Why a festival in Stoke was a bit like the internet

Arts Professional
3 min read

About nine months I sat, along with some other staff at B arts, in a room with friends from Stoke-based digital and music collective bitjam. We wondered what we could do together – and one half of bitjam volunteered the fact that he’d always wanted to see a digital music and social media festival in Stoke-on-Trent: the last place anyone would particularly expect to see cutting-edge digital work. ‘Ok – we’ll do that’ we said, and started telling people that we’d be doing it. There wasn’t a budget, but we could think about that later.

 

Fast forward nine months and DATfest has just finished a three-day programme involving more than 20 events in venues across the city centre. The festival showed The Social Network with a live Twitterfall, made Lego animation with families, and reprocessed digital debris into live performance. You can have a look at what we did on www.datfest.org.uk. All the events took place and all had audiences (some quite small, but that is festivals).

What about that budget? To directly run the festival we had £2500, courtesy of Stoke City Council. But we were able to leverage this into a programming budget of over £20,000. Or rather, though it was all for DATfest; we didn’t hold most of the budget, individual producers did. Our role as co-ordinators became to make a platform and an invitation for producers to think about work they would like to present at the festival. As long as it was in some way digital or involved some sort of social media platform, and they let us know what they were doing, then they could use DATfest as an opportunity and focus for their fund-raising.
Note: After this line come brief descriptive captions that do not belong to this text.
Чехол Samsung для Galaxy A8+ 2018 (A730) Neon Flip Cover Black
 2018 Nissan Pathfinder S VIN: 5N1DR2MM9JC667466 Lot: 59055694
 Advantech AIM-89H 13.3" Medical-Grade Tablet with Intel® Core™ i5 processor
At a talk at Shift Happens in 2010, Rohan Gunillitake of Festivals Edinburgh described a festival as an event with boundaries in terms of time and space (ie when and where is it); and a social space where people can come together. We were a bit defeated by the latter (a DATcaf next year maybe) but definitely did the first two. Producing DATfest we realised that we’d become a ‘loose festival’ drawing these boundaries, and then letting people who wanted to make and present work get on with doing it. This was much more interesting (and suited to the media we were focusing on – it might not work so well for opera) than being a festival that tightly curated its programme and controlled all the resources for presentation. As Rohan said, we found out that a festival was a bit like the internet.